Ultimately, the larger portfolio deal will present itself. We have a controlled plan for growth.

We may be seeing Medicare Advantage start to cover some senior living services. Is that on your radar, and do you have any plans to play in the MA space?

We’re paying attention to it. When it does pick up steam, we want to be a fast follower in that regard. With our current size, we don’t see ourselves as leading that effort. We want the bigger companies to prove it works, then enter the space.

The topic is not just with the payers. Health care systems are running into our sector quickly and see the intrinsic value we can bring in driving good outcomes in conjunction with them.

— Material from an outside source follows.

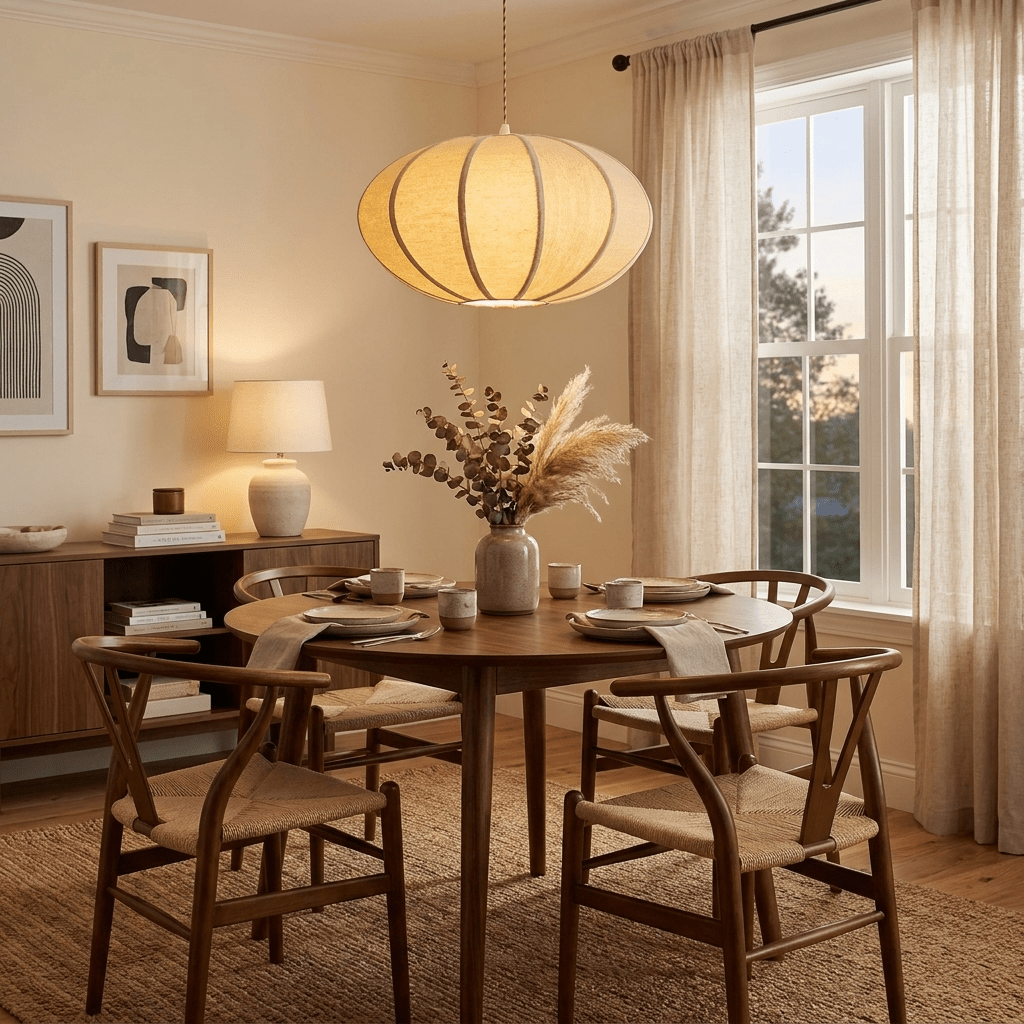 Melon Ribbed Fabric Pendant Lamp
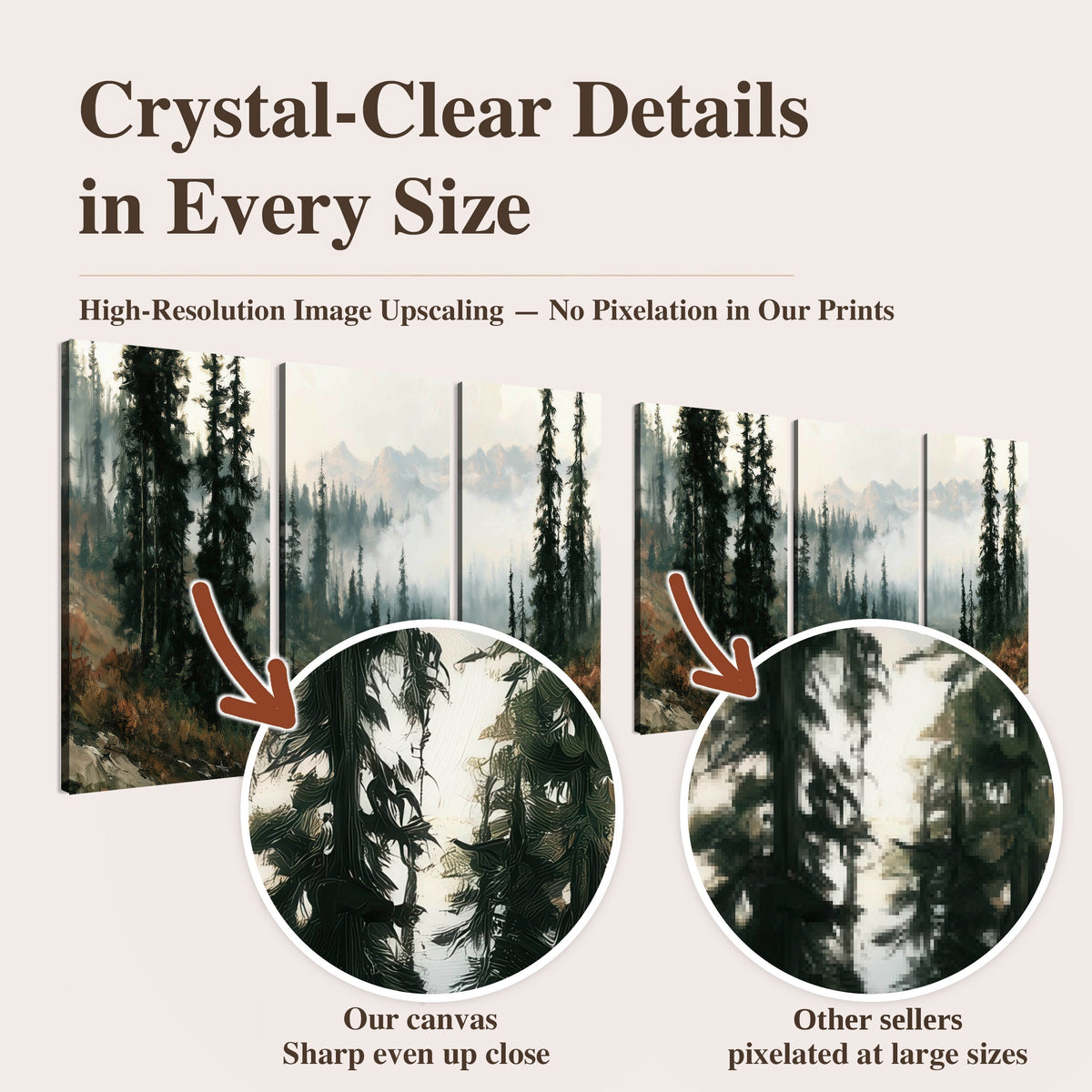 Misty pine lake mountain painting high-resolution print quality comparison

There is a lot of care coordination that’s happening around our seniors, some of which we aren’t performing yet but are partnering with groups that are.

We’ll get involved with Medicare Advantage when the time is right.

Mission vs. margin is a theme in senior living and may be a challenge. Do you ever feel like you’re fighting to protect margin while others in the organization are freer to focus on mission? How do you define a healthy margin in this business and ensure that you’re striking the right mission/margin balance?

We don’t feel those pressures. Our finance and accounting teams are pretty tight controlling this. They get the mission — we have two former caregivers in our finance department. We view our job as to be a resource for the field to control costs and make good decisions.

We don’t look at the “right” margin, instead of return on invested capital and how well you are covering the costs associated with your capital stack. You can have a high-margin business but if you’re over-levered, you’re under water.

We’ve seen a trend of margin compression in the past five years, due to more care revenue and other ancillary revenues coming into the mix that are lower margin than room and board. You have to ask if you can have more care revenue and drive additional NOI dollars given those fixed costs, why not take that lower service revenue? It depends on the type of revenue, as long as it drives positive contribution to the bottom line, it boosts your ROI at the same time.